◆ WHAT TO WORK ON: Since pictures are not wanted, repeat only the text of the records, word for word.

◆ DATASET EXCERPTS:
*** Block opens ***
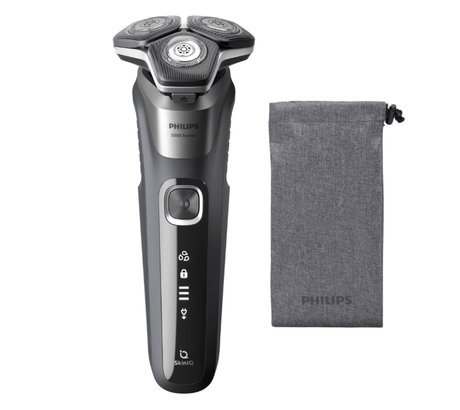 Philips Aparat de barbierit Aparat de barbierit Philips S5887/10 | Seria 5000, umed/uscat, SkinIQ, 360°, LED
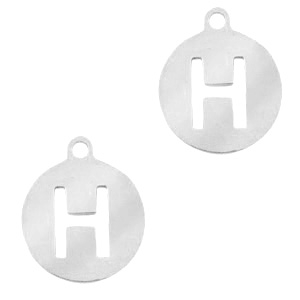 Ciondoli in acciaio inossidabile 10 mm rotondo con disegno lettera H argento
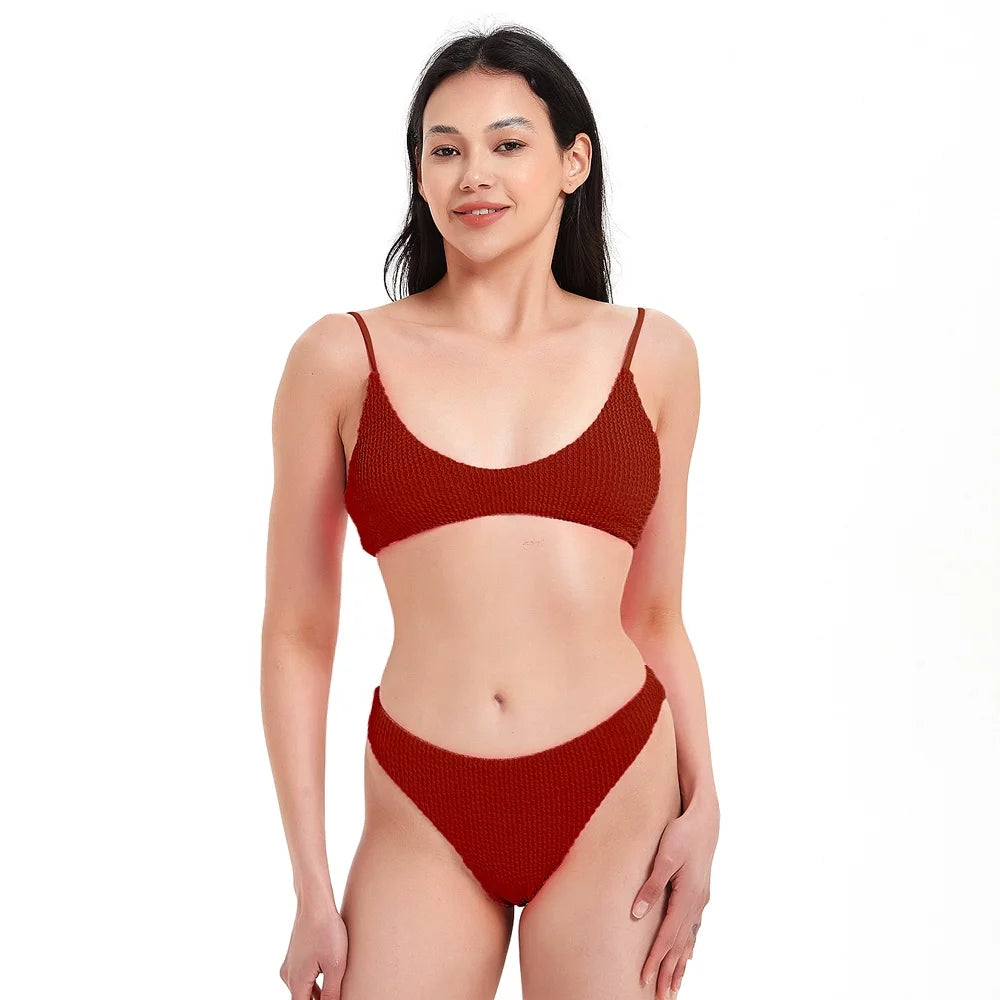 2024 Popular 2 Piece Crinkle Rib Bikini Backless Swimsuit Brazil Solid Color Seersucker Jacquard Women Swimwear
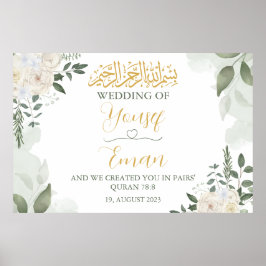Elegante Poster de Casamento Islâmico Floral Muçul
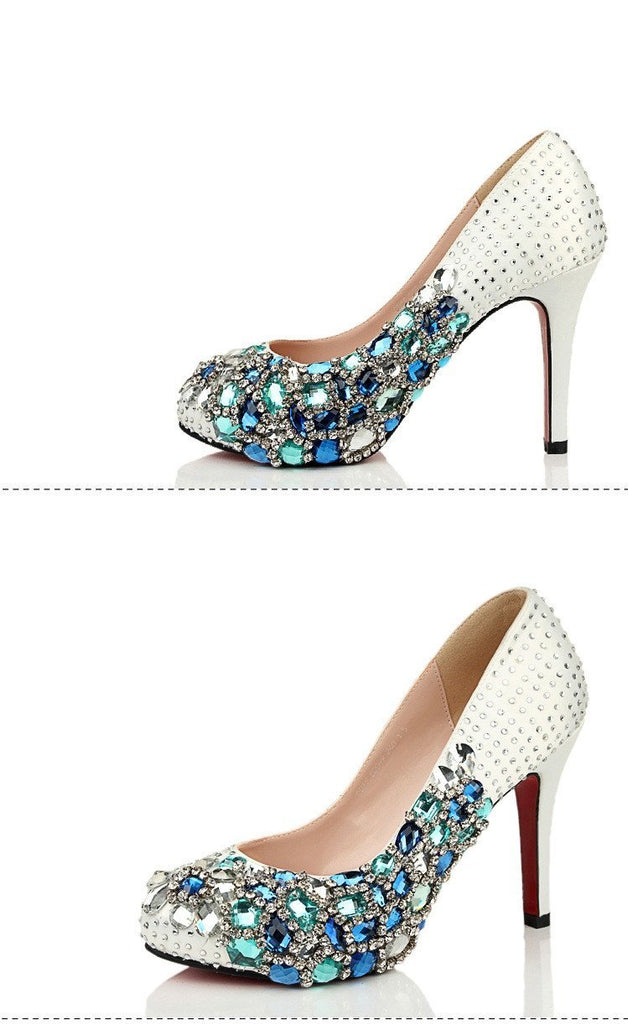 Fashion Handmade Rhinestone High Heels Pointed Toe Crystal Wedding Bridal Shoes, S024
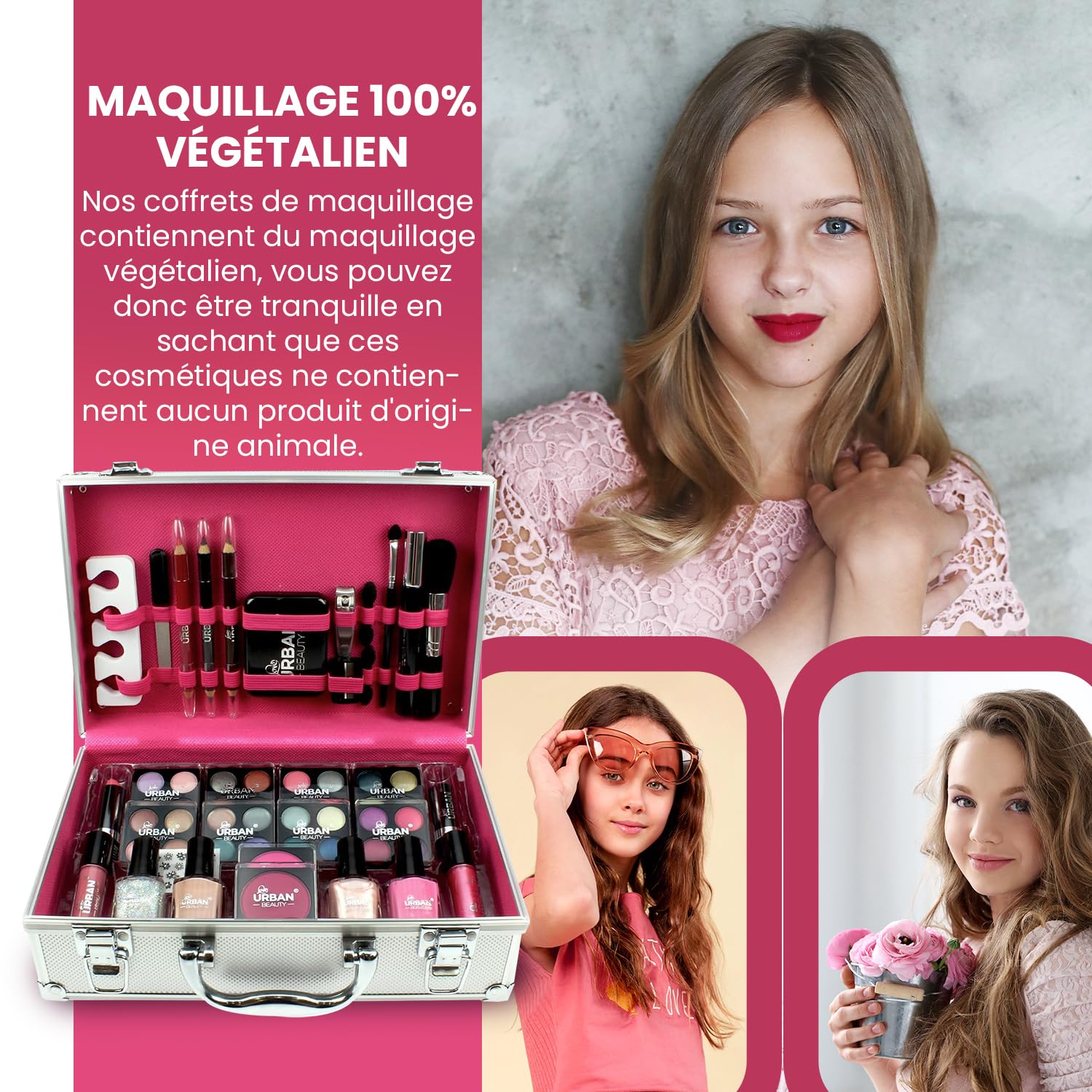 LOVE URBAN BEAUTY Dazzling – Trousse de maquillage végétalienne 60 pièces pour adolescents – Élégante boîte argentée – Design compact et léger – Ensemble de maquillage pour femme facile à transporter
*** Block closes ***
◆ TASK ANSWER:
 Philips Aparat de barbierit Aparat de barbierit Philips S5887/10 | Seria 5000, umed/uscat, SkinIQ, 360°, LED
 Ciondoli in acciaio inossidabile 10 mm rotondo con disegno lettera H argento
 2024 Popular 2 Piece Crinkle Rib Bikini Backless Swimsuit Brazil Solid Color Seersucker Jacquard Women Swimwear
Elegante Poster de Casamento Islâmico Floral Muçul
 Fashion Handmade Rhinestone High Heels Pointed Toe Crystal Wedding Bridal Shoes, S024
 LOVE URBAN BEAUTY Dazzling – Trousse de maquillage végétalienne 60 pièces pour adolescents – Élégante boîte argentée – Design compact et léger – Ensemble de maquillage pour femme facile à transporter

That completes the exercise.